What’s the difference between a lapse and a relapse?
Before we talk about relapse and how to avoid it, it's important to note the difference between a lapse and a relapse.
Lapse= a temporary glitch in your routine. You went on vacation for a week and you lapsed, deciding that the treadmill didn’t sound nearly as fun as a lounge chair by the beach. The key is that a lapse is temporary.
Relapse= a return to old habits, the life you lead before exercise. A relapse is when you fall off the wagon completely, when the week turns into a month, and before long exercise is a distant memory.
Typically a relapse happens over the course of time, due to a chain of events that’s similar to a domino effect. It looks something like the following:
1. Exercise Obstacle= Angie goes on vacation for a week.
2. No Plan= Unfortunately, she doesn’t plan ahead or think about the effect this vacation will have on her regular exercise routine.
3. Short Lapse= Rather than hit the fitness room in the hotel, she hates treadmills; she decides that a week off is just what she needs. However, on Sunday night when Angie returns home she heads straight for the scale and doesn’t like what she sees.
4. Toxic Thoughts= Angie is so upset by her weight gain and alleged mushy muscles that all she feels is despair and disappointment. She questions her ability to “get back to where she was,” so much so that she begins to wonder if it’s worth it. Maybe she should just give up.
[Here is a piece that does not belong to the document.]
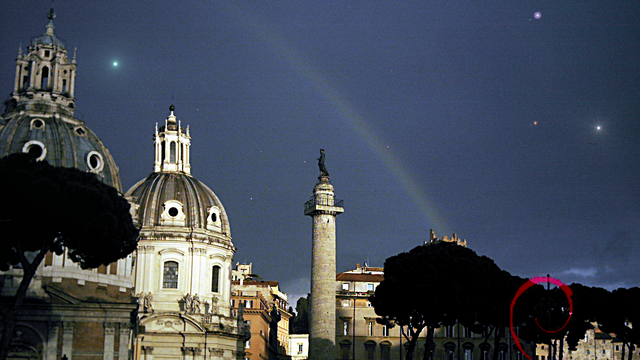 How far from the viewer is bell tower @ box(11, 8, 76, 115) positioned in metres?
70.4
5. Relapse Begins= It’s week two and Angie has lost her motivation. She continues to allow toxic thoughts to pollute her mind and fails to consider that vacation weight is as temporary as the vacation itself. Her thoughts deplete her energy and by the end of week two she still hasn’t returned to her regular routine.
6. Full Relapse= Angie’s thoughts send her into a tailspin of negativity and mild depression. Her weight gain has affected her confidence and she doesn’t feel comfortable in her own body. She is even less motivated to exercise and she has decided that this is just how it is; she’s not going to stick with it so why bother.
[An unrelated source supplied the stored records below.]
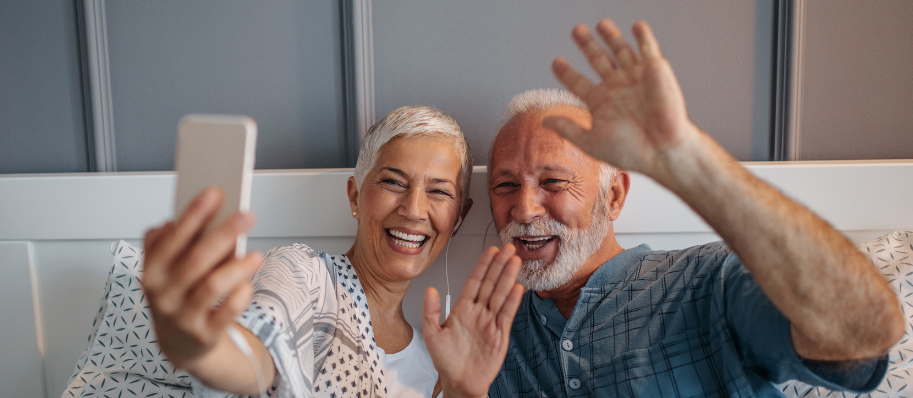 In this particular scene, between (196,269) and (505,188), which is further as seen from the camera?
(505,188)

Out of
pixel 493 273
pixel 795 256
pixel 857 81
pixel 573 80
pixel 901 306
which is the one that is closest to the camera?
pixel 795 256

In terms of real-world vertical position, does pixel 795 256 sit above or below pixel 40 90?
below

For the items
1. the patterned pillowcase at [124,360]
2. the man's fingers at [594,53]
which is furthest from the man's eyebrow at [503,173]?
the patterned pillowcase at [124,360]

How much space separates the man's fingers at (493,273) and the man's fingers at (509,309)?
0.04 metres

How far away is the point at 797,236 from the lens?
755 mm

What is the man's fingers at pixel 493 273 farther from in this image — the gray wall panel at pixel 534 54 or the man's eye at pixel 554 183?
the gray wall panel at pixel 534 54

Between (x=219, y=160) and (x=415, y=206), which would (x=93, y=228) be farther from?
(x=219, y=160)

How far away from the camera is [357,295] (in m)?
1.25

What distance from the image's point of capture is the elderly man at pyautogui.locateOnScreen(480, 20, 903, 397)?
0.76 metres

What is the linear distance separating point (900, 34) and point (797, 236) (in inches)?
50.6

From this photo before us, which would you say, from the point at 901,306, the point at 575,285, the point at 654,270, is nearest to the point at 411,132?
the point at 575,285

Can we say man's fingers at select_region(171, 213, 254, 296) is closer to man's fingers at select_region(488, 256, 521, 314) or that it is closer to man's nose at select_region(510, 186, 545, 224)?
man's fingers at select_region(488, 256, 521, 314)

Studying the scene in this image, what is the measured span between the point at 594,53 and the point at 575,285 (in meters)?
0.65

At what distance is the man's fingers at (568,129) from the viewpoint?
2.73 ft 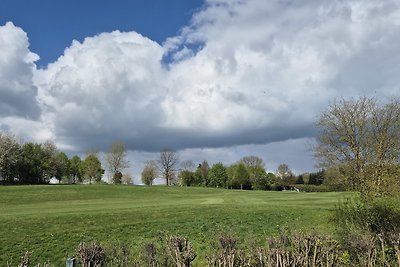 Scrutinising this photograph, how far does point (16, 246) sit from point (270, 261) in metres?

The reality is that even with the best of intentions, it’s not uncommon to start an exercise routine and slip back into old habits- finding more comfort on the couch than in an exercise class. While it may be common, however, it’s not inevitable and history doesn’t have to repeat itself. Knowledge is power and the key is to identify obstacles that get in our way so that we can deal with them effectively. All of us have situations that put us at risk: vacations, work travel, out of town guests, and holiday craziness to name a few. Research supports that potential relapses have a lesser effect if the individual anticipates them, sees them as a temporary bump in the road, and develops the proper skills for prevention (Dishman and Buckworth, 1997).